Complex Saddles of Truncated String Amplitudes

TL;DR

This paper investigates the complex saddle points contributing to high-energy string scattering amplitudes, using QFT toy models to understand their structure and conjecturing fractal behavior in the amplitudes.

Contribution

It constructs QFT models mimicking string spectra to identify contributing complex saddles and explores their oscillatory effects and potential fractal nature of amplitudes.

Findings

Complex saddles contribute oscillatory terms to amplitudes.

Higher genus corrections involve infinitely many stringy excitations.

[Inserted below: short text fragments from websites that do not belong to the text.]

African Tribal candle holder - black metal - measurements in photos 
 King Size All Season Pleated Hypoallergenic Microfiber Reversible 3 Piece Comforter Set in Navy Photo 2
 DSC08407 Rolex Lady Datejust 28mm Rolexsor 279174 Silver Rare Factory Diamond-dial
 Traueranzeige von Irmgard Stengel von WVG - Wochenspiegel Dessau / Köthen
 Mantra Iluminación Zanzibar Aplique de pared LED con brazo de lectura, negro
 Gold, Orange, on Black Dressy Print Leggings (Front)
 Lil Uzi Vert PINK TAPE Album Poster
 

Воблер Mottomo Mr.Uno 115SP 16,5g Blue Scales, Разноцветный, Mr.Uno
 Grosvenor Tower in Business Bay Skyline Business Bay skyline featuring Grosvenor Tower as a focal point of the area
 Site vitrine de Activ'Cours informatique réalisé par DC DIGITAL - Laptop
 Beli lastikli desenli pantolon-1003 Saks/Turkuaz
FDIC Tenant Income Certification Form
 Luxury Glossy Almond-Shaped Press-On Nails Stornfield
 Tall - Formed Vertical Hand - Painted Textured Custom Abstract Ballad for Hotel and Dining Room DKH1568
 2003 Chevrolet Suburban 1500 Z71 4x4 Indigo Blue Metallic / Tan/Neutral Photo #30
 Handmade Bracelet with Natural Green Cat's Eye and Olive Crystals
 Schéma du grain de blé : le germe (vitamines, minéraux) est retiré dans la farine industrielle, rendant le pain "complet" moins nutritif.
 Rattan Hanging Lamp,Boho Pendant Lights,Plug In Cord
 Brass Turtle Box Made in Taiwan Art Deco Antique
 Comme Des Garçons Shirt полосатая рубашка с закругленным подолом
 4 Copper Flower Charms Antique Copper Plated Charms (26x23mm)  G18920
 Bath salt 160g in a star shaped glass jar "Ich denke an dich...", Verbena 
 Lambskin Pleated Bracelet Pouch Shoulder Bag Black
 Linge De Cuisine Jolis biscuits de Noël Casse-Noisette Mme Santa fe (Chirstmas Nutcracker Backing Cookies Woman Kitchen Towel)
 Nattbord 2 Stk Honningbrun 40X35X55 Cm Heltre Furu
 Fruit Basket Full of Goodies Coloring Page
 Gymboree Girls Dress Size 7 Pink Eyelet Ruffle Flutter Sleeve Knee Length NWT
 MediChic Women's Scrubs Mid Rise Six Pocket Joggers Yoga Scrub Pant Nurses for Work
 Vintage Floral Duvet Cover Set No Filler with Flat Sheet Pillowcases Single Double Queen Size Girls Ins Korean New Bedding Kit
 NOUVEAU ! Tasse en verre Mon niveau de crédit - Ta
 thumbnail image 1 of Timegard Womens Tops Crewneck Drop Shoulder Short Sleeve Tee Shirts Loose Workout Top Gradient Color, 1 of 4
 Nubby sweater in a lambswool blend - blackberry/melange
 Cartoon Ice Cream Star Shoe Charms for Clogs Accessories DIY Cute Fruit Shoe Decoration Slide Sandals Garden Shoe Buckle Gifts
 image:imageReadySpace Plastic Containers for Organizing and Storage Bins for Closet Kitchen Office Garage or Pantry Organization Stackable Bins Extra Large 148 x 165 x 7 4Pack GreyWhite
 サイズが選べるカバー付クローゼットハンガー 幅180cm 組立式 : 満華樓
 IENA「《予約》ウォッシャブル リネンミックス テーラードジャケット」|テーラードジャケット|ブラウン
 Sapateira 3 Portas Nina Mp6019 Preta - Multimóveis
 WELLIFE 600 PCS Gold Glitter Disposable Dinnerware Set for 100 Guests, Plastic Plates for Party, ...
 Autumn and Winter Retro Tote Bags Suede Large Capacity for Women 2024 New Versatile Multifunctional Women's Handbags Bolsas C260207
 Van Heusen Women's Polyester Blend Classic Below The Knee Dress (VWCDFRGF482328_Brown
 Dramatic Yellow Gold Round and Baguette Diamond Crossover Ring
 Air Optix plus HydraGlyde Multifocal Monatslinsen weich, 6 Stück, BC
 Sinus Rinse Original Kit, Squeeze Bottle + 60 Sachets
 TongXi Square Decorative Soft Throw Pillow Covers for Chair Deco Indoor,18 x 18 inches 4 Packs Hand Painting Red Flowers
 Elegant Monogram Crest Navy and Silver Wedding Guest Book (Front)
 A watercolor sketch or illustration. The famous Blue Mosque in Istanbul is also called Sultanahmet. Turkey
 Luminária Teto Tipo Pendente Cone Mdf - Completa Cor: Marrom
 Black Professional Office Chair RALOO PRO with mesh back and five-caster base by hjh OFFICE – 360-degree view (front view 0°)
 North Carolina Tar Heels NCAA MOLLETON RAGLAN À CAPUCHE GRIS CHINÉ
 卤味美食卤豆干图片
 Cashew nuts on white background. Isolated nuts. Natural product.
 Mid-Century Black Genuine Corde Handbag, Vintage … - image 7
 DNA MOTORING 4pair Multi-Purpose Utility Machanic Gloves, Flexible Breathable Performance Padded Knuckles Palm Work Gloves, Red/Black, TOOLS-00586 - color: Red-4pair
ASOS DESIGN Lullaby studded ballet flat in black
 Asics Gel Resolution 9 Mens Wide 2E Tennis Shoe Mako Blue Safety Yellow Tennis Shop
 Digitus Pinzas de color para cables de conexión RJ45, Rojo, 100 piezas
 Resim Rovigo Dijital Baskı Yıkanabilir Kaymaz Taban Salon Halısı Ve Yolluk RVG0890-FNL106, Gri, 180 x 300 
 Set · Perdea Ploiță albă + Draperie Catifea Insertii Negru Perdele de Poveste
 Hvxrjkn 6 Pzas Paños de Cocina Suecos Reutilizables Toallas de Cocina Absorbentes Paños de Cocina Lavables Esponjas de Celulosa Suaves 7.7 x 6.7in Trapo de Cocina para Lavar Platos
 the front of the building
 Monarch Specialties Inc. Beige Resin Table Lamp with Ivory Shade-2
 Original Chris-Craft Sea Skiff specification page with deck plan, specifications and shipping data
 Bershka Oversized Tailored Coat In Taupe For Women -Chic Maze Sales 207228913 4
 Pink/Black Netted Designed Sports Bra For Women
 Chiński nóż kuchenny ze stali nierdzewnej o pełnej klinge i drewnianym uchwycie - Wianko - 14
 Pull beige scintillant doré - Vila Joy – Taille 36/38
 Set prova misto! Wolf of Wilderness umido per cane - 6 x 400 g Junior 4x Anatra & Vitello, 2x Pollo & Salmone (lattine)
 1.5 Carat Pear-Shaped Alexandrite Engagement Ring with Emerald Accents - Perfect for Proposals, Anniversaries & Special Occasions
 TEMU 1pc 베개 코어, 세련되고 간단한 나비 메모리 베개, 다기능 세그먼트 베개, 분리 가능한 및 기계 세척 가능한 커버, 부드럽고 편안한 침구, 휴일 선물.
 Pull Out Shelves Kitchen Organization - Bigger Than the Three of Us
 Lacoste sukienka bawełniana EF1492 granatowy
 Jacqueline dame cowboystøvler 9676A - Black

String amplitudes may approach multi-fractal functions at high energies.

Abstract

String scattering amplitudes in the high energy asymptotic region have been studied by saddle point approximation. Recently, it was pointed out that infinitely many complex saddles contribute to string amplitudes even at tree-level after redefining the original formal integration contour so that the new contour analytically continues amplitudes appropriately. It is a challenging problem to identify which saddles contribute to higher genus corrections of string amplitudes. In this paper, we construct QFT toy models which have the same infinite mass tower as string amplitudes but ignoring degeneracies. Their higher loop Feynman diagrams are evaluated by identifying their contributing complex saddles. We find that the saddles associated with infinitely many stringy excitations provide highly oscillatory terms to the amplitudes. We conjecture that string amplitudes, as functions of momenta, approach multi-fractal functions in the high energy asymptotic regions if higher genus contributions are fully included. Their fractal dimensions should be determined purely by the type of string theory and the spacetime dimension where string scatterings occur.